- _GIVEN RECORDS_
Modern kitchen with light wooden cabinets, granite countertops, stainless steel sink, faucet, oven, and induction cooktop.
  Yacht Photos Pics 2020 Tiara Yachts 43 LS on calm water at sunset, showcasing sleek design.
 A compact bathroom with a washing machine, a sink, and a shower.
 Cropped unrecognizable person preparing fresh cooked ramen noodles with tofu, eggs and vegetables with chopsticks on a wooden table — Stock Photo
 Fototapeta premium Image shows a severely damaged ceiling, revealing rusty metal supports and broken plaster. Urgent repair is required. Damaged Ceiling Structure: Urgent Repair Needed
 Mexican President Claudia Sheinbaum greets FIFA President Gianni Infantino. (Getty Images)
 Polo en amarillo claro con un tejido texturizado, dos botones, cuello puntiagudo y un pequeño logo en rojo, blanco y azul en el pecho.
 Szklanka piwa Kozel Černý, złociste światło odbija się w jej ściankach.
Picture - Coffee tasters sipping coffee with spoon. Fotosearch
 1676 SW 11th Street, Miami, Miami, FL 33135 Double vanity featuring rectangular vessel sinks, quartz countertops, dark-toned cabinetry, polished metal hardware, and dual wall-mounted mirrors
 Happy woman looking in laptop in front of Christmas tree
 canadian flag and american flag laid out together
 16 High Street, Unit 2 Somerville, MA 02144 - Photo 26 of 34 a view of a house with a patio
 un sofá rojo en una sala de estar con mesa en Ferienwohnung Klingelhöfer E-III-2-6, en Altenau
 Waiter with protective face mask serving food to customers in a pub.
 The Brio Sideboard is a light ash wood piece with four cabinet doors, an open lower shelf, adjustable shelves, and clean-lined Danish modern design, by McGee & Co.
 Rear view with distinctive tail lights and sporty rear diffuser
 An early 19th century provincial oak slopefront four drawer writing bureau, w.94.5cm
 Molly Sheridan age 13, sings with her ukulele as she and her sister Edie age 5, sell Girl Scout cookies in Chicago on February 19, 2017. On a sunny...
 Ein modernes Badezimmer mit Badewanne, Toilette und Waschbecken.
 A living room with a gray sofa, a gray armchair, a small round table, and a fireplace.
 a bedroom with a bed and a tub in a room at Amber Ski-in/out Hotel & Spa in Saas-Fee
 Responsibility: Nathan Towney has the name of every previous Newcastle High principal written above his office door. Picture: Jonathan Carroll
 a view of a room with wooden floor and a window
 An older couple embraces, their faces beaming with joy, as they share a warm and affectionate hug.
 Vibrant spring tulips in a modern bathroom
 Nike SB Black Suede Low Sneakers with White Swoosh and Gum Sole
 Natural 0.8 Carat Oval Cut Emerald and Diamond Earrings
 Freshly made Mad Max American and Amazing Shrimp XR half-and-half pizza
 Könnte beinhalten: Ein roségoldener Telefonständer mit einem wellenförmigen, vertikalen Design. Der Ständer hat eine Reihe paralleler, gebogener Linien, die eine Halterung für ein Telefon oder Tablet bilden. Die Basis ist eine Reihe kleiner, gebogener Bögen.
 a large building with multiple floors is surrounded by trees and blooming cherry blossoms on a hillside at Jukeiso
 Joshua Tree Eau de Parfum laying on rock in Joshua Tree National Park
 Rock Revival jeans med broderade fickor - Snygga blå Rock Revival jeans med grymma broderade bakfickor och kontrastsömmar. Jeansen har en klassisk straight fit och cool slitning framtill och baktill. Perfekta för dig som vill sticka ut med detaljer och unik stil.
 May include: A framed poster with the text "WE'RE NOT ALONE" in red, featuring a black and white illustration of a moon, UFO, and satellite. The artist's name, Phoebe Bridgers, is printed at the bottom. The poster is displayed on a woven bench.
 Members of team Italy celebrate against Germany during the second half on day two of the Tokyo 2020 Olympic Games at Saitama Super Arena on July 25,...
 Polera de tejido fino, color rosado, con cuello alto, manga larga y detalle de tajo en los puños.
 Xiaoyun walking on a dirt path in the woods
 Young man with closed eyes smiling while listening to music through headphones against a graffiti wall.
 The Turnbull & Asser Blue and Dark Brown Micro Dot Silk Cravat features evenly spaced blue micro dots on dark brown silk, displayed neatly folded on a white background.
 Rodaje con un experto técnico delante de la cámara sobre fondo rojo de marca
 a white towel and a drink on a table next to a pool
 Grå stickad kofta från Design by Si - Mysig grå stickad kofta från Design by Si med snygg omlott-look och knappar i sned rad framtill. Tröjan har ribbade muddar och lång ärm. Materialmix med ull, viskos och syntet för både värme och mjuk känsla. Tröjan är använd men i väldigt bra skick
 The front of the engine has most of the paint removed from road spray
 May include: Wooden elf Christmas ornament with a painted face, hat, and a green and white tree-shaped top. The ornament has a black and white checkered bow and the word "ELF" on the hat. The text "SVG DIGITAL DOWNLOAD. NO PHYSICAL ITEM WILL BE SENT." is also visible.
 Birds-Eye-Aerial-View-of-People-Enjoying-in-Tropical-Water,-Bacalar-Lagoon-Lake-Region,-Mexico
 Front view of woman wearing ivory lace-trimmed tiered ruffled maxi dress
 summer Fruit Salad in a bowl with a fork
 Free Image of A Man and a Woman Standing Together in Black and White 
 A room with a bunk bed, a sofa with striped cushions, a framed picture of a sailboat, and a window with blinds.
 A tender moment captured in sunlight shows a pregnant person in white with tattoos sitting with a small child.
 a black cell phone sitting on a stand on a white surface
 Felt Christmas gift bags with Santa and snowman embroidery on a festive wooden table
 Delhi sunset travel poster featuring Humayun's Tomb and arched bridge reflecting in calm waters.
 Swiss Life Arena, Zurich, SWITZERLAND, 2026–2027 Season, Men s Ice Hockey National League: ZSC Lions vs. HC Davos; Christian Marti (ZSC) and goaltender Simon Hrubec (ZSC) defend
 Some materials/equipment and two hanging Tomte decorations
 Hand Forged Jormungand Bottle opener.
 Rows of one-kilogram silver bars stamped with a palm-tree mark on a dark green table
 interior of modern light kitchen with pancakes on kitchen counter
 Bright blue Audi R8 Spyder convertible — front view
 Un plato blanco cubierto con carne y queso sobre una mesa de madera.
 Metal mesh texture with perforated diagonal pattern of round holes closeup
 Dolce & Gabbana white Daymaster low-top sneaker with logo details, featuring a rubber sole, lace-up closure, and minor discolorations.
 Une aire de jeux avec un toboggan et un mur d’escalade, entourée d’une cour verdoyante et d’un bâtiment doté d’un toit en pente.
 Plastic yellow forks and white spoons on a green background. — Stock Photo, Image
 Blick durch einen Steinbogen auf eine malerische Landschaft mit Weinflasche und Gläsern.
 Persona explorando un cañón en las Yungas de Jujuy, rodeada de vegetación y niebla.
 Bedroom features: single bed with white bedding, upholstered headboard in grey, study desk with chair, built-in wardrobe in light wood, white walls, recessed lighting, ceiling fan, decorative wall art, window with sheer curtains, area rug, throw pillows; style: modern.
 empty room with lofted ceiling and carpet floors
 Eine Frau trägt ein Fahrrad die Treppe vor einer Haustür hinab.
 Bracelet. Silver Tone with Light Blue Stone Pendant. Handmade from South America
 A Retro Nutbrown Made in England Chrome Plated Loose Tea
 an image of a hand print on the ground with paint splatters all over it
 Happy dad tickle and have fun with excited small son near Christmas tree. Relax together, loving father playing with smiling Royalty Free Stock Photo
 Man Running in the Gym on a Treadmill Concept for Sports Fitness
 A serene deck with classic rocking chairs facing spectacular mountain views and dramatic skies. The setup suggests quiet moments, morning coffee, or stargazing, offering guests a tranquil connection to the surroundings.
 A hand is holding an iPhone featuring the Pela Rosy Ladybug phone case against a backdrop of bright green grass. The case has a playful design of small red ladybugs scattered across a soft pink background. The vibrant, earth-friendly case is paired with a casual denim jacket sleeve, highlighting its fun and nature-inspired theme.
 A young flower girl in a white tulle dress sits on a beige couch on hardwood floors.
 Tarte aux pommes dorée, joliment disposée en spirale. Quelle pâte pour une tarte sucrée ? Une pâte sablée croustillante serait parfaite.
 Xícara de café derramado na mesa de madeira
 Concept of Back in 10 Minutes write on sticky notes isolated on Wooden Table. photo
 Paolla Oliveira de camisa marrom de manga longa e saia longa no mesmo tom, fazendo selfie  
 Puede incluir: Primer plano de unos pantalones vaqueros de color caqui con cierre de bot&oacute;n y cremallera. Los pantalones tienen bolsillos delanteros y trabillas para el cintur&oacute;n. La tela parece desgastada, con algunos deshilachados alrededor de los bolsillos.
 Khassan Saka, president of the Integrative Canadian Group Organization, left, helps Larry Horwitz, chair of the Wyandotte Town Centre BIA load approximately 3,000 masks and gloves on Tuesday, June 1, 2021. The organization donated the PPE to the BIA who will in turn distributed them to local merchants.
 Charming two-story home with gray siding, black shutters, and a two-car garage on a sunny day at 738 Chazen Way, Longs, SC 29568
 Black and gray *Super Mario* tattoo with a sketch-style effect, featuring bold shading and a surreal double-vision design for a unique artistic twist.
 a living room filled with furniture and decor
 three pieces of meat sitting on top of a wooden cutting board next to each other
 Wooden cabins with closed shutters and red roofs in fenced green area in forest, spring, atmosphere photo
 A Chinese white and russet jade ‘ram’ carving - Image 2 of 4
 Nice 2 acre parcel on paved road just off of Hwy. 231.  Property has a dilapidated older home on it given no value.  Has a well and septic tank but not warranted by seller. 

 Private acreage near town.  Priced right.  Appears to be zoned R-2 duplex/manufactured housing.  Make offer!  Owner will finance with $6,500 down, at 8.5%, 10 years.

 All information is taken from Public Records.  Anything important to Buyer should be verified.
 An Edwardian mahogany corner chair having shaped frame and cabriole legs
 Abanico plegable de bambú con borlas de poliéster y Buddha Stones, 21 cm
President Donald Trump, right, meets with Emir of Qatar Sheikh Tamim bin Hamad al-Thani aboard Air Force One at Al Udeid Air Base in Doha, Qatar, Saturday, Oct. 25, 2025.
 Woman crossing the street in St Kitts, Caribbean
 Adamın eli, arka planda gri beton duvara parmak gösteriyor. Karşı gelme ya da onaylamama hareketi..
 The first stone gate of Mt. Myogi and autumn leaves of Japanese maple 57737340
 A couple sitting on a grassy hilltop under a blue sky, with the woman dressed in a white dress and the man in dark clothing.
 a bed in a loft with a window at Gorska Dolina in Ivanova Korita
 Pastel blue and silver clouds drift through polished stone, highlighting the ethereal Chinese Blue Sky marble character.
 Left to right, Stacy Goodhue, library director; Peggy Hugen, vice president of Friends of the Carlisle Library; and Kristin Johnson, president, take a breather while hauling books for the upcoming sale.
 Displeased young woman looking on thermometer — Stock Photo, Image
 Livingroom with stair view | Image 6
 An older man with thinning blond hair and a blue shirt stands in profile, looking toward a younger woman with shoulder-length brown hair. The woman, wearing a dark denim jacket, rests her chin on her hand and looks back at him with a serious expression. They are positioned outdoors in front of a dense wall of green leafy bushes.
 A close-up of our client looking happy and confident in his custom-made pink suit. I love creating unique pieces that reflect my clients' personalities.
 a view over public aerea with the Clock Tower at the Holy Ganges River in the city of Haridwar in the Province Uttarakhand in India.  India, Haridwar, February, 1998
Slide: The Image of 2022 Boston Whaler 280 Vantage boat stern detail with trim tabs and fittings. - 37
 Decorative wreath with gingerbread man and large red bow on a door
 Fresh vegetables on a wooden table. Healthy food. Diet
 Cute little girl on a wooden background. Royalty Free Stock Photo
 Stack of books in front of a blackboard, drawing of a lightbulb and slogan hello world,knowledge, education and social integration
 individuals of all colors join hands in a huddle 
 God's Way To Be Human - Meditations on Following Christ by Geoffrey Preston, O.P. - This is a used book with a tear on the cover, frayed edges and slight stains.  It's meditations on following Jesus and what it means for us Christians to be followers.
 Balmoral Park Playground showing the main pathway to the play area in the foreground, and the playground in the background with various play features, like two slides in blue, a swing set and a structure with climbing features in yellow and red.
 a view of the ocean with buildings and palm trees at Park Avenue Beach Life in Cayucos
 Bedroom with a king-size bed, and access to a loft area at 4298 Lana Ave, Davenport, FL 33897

- _EXERCISE DIRECTIONS_
Please reproduce exactly the lines in the listing above from the one containing "A tender moment" through the one containing "empty room with", both included, and nothing more.

- _SOLVED PROBLEM_
 A tender moment captured in sunlight shows a pregnant person in white with tattoos sitting with a small child.
 a black cell phone sitting on a stand on a white surface
 Felt Christmas gift bags with Santa and snowman embroidery on a festive wooden table
 Delhi sunset travel poster featuring Humayun's Tomb and arched bridge reflecting in calm waters.
 Swiss Life Arena, Zurich, SWITZERLAND, 2026–2027 Season, Men s Ice Hockey National League: ZSC Lions vs. HC Davos; Christian Marti (ZSC) and goaltender Simon Hrubec (ZSC) defend
 Some materials/equipment and two hanging Tomte decorations
 Hand Forged Jormungand Bottle opener.
 Rows of one-kilogram silver bars stamped with a palm-tree mark on a dark green table
 interior of modern light kitchen with pancakes on kitchen counter
 Bright blue Audi R8 Spyder convertible — front view
 Un plato blanco cubierto con carne y queso sobre una mesa de madera.
 Metal mesh texture with perforated diagonal pattern of round holes closeup
 Dolce & Gabbana white Daymaster low-top sneaker with logo details, featuring a rubber sole, lace-up closure, and minor discolorations.
 Une aire de jeux avec un toboggan et un mur d’escalade, entourée d’une cour verdoyante et d’un bâtiment doté d’un toit en pente.
 Plastic yellow forks and white spoons on a green background. — Stock Photo, Image
 Blick durch einen Steinbogen auf eine malerische Landschaft mit Weinflasche und Gläsern.
 Persona explorando un cañón en las Yungas de Jujuy, rodeada de vegetación y niebla.
 Bedroom features: single bed with white bedding, upholstered headboard in grey, study desk with chair, built-in wardrobe in light wood, white walls, recessed lighting, ceiling fan, decorative wall art, window with sheer curtains, area rug, throw pillows; style: modern.
 empty room with lofted ceiling and carpet floors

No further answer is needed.